Analysis of meteorological conditions across provinces revealed that the projected change (future/current) in suitable habitat area for H. dulcis correlated positively with temperature, which was consistent with the thermophilic nature of this species (Figure 9). In contrast, the change rate showed significant and negative correlations with both precipitation and air humidity. This suggested that excessive moisture inhibits its growth, which might explain its absence in coastal regions. A weak positive correlation with wind speed implied that moderate winds may enhance gas exchange and stimulate physiological activity. Elevation exerted an indirect influence on distribution by interacting with topography and wind speed. Terrain features such as slopes and valleys altered local wind patterns, thereby modifying microclimatic conditions (such as temperature and moisture retention), which are crucial for H. dulcis survival. These findings aligned with prior analysis of key environmental variables, reaffirming the critical roles of temperature, precipitation, and elevation in determining habitat suitability. Consequently, our results supported the prediction of an overall range contraction for H. dulcis under future climate warming scenarios.

Figure 9
A correlation matrix with a triangular layout, using color-coded circles to represent correlation coefficients. The scale on the right ranges from -1 (dark blue) to 1 (red), indicating negative to positive correlations. Major data segments are labeled with symbols and letters. The diagonal displays perfect correlations, marked by bright red circles with the number one.

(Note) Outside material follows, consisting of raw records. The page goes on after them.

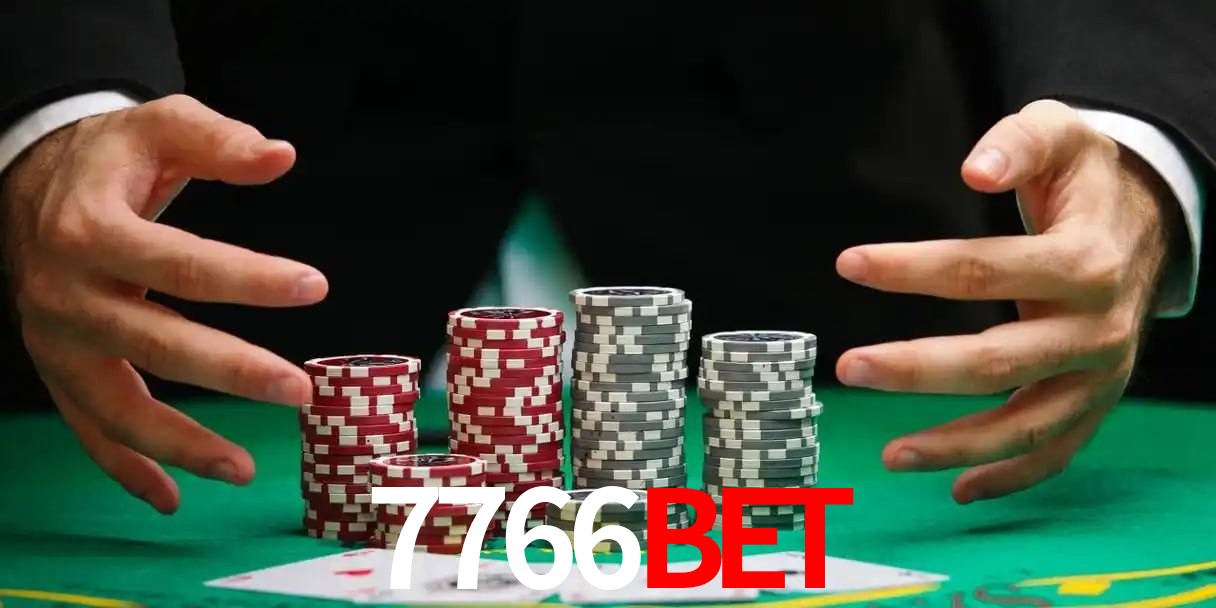 Benefícios VIP na 7766BET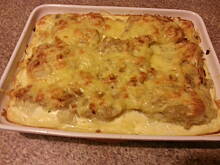 Fot. eliza32, Ryba w koszulce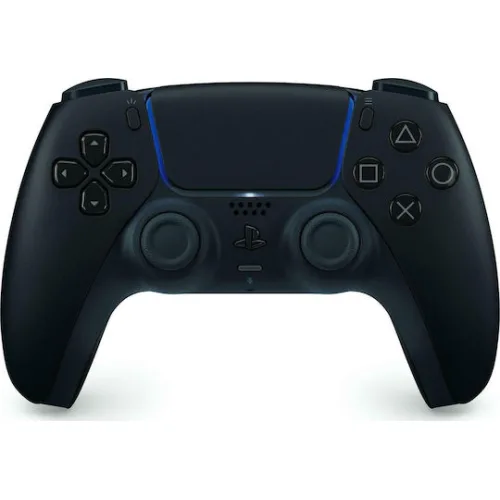 Sony Dualsense V2 Ασύρματο Gamepad για PS5 Midnight Black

Figure 9. The correlation heatmap between the change rate of suitable habitat area in each province and climatic factors. (Hunan, Jiangxi, Shaanxi, Gansu, Shanxi, Hebei, Sichuan, Guangxi Zhuang Autonomous Region, Hubei, Fujian, Guangdong, Zhejiang, Henan, Anhui, Shandong)[△R1:△12650S/current; △R2:△12690S/current; △R3:△58550S/current; △R4:△58590S/current; (A) Atmospheric pressure (hPa); (B) Atmospheric pressure at sea level (hPa); (C) Maximum Pressure(hPa); (D) Minimum Pressure (hPa); (E) Temperature (°C); (F) Mean maximum temperature (°C); (G) Mean minimum temperature (°C); (H) Relative humidity (%); (I) Minimum Relative Humidity (%); (J) 2-Minute Mean Wind Speed (m/s); (K) Maximum Wind Speed (m/s); (L) Wind Direction (Angle) of Maximum Wind Speed (°); (M) Extreme Wind Speed (m/s); (N) Wind Direction of Extreme Wind Speed (°); (O) Annual 24-hour Precipitation (20:00-20:00 local time) (mm); (P) 24-hour Precipitation (08-08h) (mm)].

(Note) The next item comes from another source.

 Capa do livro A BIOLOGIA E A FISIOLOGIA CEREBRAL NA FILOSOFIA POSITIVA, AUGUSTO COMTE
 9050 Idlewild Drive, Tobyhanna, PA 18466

In summary, the priority provinces for future cultivation of H. dulcis included Hunan, Jiangxi, Hebei, Liaoning and Beijing, where the suitable habitat areas continued to expand. Meanwhile, attention should be paid to provinces such as Guizhou and Sichuan, where the suitable area was decreasing but still maintained high suitability.

4 Discussion

4.1 Reliability of MaxEnt model prediction

Species distribution models serve as the significant tool for assessing the impacts of climatic and environmental changes on habitat suitability (Wiens et al., 2009). Among them, MaxEnt model is regarded as one of the most frequently used ecological niche models in current studies, especially for presence-only data (Phillips and Dudík, 2008). This makes H. dulcis highly suitable for study, as a medicinal plant that has not received sufficient attention in biodiversity surveys. Our dataset contains 191 verified occurrence records. Although these records are spatially sparse, the robustness of the MaxEnt model effectively mitigates this limitation.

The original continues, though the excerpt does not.